Darwin Franco, a local journalist who specialises in investigating organized crime and enforced disappearances in Jalisco, believes the latest outbreak of violence is linked to the recent arrests of several of the CJNG's top regional leaders.
He says that the bloodshed is unlikely to be direct retaliation for the arrests. Rather, he believes, the weakening of the CJNG leadership structure has sparked a turf war by encouraging opportunist rival gangs like the Beltrán Leyva organization to dispute the territory.
The attack against the Ahualulco mayor likely stemmed from cartel efforts to exert their influence over him, Franco said. The mayor had previously survived another assassination attempt days before taking office last October when gunmen had opened fire on his house.
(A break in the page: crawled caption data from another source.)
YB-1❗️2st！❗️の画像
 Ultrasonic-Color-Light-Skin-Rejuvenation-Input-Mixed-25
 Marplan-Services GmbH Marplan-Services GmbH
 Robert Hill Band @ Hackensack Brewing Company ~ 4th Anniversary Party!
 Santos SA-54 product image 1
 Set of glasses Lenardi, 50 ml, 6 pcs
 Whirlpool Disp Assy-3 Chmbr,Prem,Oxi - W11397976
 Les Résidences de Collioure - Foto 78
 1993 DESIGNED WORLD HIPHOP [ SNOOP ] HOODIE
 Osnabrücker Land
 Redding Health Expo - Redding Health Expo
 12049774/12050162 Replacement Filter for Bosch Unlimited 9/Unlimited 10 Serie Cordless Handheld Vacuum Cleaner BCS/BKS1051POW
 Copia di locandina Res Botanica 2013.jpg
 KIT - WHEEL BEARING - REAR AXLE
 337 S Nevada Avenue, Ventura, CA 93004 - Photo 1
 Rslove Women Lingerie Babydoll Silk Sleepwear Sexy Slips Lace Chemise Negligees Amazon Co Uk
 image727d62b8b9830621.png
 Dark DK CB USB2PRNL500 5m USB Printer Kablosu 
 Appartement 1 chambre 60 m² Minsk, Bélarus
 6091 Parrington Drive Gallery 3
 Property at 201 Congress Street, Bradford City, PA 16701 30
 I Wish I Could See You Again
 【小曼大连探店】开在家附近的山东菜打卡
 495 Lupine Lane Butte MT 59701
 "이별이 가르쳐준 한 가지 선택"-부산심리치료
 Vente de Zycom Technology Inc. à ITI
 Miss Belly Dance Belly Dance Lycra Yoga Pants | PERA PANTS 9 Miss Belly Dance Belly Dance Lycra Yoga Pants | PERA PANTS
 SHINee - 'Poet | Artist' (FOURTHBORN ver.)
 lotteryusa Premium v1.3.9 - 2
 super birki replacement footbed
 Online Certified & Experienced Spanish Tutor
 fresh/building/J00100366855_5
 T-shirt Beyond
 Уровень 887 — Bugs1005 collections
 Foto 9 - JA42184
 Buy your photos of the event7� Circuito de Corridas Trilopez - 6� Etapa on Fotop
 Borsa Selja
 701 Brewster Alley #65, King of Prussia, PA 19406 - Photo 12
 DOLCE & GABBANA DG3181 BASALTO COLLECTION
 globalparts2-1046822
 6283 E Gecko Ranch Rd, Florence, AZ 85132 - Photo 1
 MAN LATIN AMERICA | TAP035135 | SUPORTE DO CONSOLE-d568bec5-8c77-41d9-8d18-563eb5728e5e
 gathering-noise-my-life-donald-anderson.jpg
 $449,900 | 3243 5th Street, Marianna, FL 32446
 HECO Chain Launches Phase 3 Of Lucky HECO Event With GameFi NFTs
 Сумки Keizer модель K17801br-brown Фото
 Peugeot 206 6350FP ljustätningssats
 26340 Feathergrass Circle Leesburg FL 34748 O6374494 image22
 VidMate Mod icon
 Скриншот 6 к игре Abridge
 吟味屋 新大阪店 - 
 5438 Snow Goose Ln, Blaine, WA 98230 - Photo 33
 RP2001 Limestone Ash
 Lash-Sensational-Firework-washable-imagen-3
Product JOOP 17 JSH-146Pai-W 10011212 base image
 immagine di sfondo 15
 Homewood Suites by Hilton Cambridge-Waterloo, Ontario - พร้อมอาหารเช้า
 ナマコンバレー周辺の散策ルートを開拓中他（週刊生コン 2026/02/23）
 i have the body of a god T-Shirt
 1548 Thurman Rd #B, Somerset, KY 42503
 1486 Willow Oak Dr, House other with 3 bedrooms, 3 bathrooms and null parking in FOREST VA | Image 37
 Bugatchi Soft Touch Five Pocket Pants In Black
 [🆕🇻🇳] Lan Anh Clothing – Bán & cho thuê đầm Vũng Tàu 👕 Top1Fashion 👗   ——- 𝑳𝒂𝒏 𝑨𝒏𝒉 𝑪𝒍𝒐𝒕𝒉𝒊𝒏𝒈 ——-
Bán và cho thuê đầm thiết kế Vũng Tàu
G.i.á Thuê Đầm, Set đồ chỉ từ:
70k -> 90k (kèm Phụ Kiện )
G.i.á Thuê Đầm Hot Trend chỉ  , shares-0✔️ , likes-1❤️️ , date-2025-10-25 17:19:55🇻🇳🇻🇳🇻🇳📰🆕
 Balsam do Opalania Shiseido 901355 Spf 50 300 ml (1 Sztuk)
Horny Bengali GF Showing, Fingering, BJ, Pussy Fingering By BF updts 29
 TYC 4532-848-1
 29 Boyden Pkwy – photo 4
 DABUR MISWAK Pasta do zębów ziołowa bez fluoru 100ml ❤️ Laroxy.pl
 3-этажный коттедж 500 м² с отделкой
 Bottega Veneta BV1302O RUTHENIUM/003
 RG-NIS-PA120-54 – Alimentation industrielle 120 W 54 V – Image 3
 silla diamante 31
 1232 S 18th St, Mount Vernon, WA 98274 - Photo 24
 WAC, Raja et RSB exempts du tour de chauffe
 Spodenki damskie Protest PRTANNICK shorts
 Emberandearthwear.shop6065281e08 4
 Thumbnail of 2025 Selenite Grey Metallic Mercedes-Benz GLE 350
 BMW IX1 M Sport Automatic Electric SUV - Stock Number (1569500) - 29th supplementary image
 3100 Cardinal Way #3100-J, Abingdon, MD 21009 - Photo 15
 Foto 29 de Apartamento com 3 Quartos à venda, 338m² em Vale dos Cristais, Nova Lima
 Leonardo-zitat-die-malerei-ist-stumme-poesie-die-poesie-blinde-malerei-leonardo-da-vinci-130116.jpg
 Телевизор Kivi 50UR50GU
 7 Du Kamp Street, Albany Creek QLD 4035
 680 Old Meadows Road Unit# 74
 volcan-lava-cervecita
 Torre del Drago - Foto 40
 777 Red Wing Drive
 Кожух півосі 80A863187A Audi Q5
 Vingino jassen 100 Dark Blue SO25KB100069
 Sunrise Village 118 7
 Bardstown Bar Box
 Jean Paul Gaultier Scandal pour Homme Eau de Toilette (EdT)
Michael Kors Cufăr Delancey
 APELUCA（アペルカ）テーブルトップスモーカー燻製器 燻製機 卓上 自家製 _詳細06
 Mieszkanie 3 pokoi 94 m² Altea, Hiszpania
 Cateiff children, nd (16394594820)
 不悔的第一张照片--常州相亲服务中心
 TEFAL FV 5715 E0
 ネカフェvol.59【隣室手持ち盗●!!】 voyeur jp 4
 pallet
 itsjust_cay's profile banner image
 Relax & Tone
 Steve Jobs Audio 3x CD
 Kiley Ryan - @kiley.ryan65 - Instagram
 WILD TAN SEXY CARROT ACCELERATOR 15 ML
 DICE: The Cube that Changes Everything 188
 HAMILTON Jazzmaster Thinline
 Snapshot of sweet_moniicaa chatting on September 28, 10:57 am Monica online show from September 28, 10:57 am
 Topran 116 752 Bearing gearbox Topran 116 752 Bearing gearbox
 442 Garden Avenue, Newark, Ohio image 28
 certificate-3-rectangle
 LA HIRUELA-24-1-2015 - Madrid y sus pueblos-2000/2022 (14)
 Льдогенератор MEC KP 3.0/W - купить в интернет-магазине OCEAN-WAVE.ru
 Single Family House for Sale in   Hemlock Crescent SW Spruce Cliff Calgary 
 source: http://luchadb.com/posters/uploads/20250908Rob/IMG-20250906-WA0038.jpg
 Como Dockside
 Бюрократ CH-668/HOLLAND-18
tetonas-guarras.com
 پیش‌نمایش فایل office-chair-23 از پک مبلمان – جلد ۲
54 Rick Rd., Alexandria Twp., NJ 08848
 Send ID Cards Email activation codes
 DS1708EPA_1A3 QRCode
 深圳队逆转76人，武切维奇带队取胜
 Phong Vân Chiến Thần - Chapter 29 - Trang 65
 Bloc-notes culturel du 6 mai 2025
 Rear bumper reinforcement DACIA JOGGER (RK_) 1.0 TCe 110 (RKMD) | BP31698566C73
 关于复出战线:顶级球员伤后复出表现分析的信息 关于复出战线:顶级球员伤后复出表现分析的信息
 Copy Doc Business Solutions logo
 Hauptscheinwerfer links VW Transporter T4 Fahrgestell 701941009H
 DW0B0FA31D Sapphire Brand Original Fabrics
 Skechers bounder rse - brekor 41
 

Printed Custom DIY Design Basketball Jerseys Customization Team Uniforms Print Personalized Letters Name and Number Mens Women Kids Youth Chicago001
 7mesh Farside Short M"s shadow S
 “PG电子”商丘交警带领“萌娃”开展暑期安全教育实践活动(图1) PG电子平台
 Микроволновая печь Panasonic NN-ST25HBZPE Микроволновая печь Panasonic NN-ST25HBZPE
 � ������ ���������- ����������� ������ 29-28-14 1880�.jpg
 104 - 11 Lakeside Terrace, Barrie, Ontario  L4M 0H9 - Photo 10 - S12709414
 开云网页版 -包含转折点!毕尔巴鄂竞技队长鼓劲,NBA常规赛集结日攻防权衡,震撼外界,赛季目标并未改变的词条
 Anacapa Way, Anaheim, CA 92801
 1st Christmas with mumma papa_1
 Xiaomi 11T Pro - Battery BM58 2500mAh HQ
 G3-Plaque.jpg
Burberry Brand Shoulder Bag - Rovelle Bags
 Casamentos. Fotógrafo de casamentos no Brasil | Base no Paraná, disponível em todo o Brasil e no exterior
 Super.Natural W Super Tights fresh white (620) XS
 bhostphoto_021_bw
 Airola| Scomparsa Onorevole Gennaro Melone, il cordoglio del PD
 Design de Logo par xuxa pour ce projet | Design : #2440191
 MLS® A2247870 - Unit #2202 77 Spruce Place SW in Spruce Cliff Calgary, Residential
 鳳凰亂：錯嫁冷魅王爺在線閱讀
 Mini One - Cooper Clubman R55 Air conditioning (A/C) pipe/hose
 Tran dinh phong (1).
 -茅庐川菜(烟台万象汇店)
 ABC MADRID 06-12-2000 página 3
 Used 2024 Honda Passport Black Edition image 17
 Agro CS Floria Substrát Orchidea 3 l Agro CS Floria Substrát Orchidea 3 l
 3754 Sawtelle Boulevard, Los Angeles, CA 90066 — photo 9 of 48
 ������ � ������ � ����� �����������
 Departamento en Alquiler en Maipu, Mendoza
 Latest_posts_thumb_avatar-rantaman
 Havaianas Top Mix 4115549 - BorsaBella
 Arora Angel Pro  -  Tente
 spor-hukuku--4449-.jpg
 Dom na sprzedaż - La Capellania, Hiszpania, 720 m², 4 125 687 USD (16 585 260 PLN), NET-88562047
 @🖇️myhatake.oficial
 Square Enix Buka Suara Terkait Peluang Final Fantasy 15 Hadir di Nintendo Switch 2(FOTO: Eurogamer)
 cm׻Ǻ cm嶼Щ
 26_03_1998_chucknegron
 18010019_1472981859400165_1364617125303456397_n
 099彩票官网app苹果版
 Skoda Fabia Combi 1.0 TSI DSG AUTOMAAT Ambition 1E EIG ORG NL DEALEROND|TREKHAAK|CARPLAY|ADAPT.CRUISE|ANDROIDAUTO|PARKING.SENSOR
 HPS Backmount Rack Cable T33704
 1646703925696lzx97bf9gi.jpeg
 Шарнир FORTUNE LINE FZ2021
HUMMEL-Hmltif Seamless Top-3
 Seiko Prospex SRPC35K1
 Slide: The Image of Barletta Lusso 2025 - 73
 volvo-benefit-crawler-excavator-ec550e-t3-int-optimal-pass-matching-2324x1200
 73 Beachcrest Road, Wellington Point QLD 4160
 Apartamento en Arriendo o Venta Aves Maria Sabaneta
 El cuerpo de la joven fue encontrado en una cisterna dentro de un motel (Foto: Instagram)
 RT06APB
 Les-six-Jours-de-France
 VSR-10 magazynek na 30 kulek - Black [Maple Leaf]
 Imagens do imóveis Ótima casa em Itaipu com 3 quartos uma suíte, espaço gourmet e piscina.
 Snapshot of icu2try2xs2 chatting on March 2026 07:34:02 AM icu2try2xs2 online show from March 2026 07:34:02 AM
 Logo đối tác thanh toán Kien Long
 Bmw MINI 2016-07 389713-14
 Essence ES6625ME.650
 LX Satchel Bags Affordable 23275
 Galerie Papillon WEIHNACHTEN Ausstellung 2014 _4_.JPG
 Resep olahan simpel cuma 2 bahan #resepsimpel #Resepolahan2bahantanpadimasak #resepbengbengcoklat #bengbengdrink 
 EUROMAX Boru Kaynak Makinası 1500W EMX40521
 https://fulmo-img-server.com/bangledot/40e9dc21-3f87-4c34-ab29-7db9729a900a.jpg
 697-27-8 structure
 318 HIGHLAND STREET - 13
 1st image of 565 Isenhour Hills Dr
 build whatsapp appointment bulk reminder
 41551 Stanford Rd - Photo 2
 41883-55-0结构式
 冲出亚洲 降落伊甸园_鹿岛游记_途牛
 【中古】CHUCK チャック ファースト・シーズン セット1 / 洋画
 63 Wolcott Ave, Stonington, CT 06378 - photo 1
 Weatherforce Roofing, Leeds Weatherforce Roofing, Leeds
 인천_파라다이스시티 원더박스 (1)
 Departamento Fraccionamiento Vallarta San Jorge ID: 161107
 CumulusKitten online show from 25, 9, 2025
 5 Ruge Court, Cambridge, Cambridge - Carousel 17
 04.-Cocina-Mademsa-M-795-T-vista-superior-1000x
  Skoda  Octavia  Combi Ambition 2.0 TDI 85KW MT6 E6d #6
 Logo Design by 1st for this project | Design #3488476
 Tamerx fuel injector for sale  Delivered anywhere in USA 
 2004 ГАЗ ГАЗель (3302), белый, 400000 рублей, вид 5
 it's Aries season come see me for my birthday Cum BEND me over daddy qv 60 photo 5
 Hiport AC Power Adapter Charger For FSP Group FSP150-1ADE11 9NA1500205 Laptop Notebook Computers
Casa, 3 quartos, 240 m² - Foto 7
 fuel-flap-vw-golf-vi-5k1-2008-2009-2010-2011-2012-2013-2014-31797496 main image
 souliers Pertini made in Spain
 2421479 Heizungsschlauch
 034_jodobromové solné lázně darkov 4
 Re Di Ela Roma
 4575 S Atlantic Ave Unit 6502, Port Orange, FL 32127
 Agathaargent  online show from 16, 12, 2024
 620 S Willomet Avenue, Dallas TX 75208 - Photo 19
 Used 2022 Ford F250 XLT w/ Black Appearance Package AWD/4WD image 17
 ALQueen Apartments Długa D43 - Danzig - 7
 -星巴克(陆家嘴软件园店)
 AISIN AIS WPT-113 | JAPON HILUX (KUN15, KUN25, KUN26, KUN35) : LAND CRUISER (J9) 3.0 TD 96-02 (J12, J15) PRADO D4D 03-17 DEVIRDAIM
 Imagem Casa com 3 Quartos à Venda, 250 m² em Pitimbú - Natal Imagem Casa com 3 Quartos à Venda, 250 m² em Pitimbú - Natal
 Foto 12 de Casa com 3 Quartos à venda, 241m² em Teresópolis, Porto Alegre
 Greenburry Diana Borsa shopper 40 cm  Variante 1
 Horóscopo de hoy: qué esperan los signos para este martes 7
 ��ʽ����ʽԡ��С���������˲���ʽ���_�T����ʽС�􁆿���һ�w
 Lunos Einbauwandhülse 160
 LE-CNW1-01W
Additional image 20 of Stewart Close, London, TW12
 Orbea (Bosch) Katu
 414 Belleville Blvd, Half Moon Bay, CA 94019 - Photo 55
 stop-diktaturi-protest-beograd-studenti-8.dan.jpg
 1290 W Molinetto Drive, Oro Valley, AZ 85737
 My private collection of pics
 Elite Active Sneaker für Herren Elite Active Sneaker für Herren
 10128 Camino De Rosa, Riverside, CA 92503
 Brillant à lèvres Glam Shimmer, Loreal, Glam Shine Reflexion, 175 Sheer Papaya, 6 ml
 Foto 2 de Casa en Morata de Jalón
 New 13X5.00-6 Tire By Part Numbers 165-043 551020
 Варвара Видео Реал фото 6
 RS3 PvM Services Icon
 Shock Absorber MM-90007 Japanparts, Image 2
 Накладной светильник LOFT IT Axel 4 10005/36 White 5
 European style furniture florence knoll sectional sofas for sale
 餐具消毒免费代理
Franco told VICE News the CJNG is known to shake down mayors in remote towns across Jalisco, particularly in the south of the state where it has a strong presence. New mayors are often forced to respect existing pacts established by their predecessors, he noted, yet they are also sometimes pressured to forge new deals with the rival gangs that move in to dispute the area.
"There are some areas where the mayors don't necessarily have any option but be co-opted because their lives are at risk," Franco said. "They have to learn to deal with this because there's a very strong criminal presence in these towns. The people there tell you they see groups of armed men cruising around the central plazas on a daily basis."
While Franco does not believe that all of Jalisco is in danger of becoming a narco state, he warned that "there are areas that are no longer controlled by municipal or state powers".
Even in Guadalajara, Mexico's second biggest city, he noted, "there's more and more evidence that a criminal group can kill police officers and leave without absolutely anyone stopping them."
In a bid to safeguard the state, the Jalisco government introduced the Fuerza Unica, new branch of the state police force, three years ago. A new attorney general was also appointed last year.
Yet Franco says this has not brought about any reduction in the level of violence.
"The problem is that the authorities are in denial," he said. "Their security measures only cover up the situation. They're political, media-friendly measures but they don't resolve the problem of the violence."